‘Dark day for Europe’ as Soros-funded university quits Hungary

Fine Gael has ‘grave concerns’ over college expulsion by Hungarian ally Viktor Orban

A stairs inside the Central European University  building in Budapest: the university has been forced to move to Vienna. Photograph: Attila Kisbenede

A stairs inside the Central European University building in Budapest: the university has been forced to move to Vienna.
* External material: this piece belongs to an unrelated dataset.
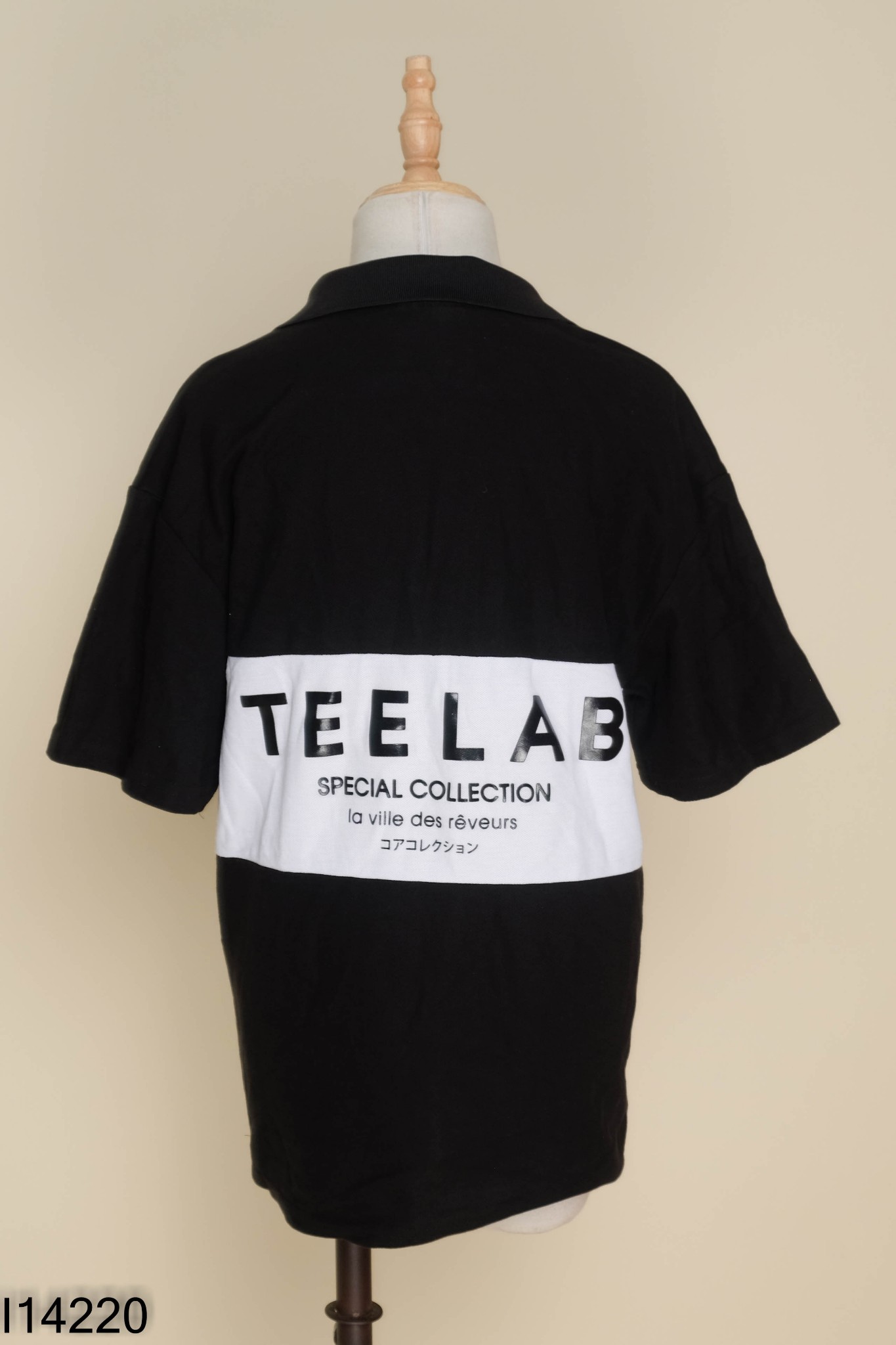 Áo TEELAB đen phối trắng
Photograph: Attila Kisbenede

 

The head of Hungary’s Central European University has called it a “dark day for Europe” as the renowned liberal college announced that it was being forced out of the country by a legal attack from Viktor Orban’s nationalist government.
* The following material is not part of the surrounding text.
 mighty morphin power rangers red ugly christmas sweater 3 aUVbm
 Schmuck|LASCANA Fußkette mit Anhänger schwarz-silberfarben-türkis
The populist premier and many allies received student grants from CEU’s founder, billionaire philanthropist George Soros, but now they accuse him of attacking their administration and trying to destroy Europe by helping migrants.
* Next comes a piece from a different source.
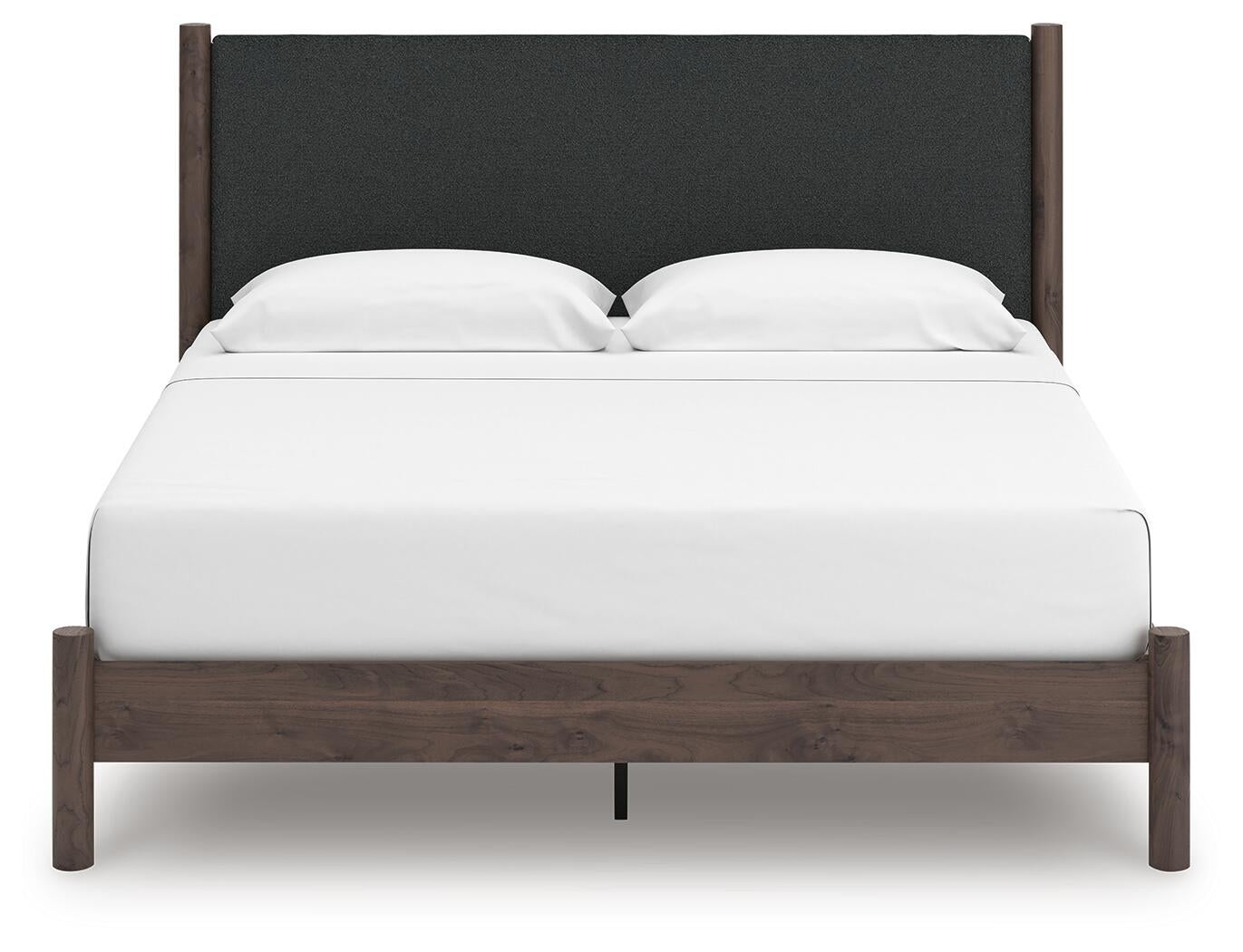 Cadmori  Upholstered Panel Platform Bed, Dresser, Mirror And Nightstand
The EU is taking legal action over Mr Orban’s hardline policies on asylum, NGOs and education, but his administration has flatly refused to sign a deal to allow CEU to maintain all its operations in Budapest, where it was created in 1991.

“CEU has been forced out,” said its president and rector Michael Ignatieff, in announcing that the university would teach its US-accredited courses in Vienna from next September.

“This is unprecedented. A US institution has been driven out of a country that is a Nato ally. A European institution has been ousted from a member state of the EU,” he added.

“Arbitrary eviction of a reputable university is a flagrant violation of academic freedom. It is a dark day for Europe and a dark day for Hungary. ”

CEU insists it has fulfilled new legislation by opening a department in New York State, but officials call it a “Potemkin campus” that does not meet requirements.

Although the vast majority of its courses will move to Vienna, the government also underlines that CEU will keep running Hungarian-accredited studies in Budapest.

‘Political bluff’

“The Soros university is leaving but staying. It’s common knowledge that a significant number of its courses will still be held in Budapest,” said government spokesman Zoltan Kovacs.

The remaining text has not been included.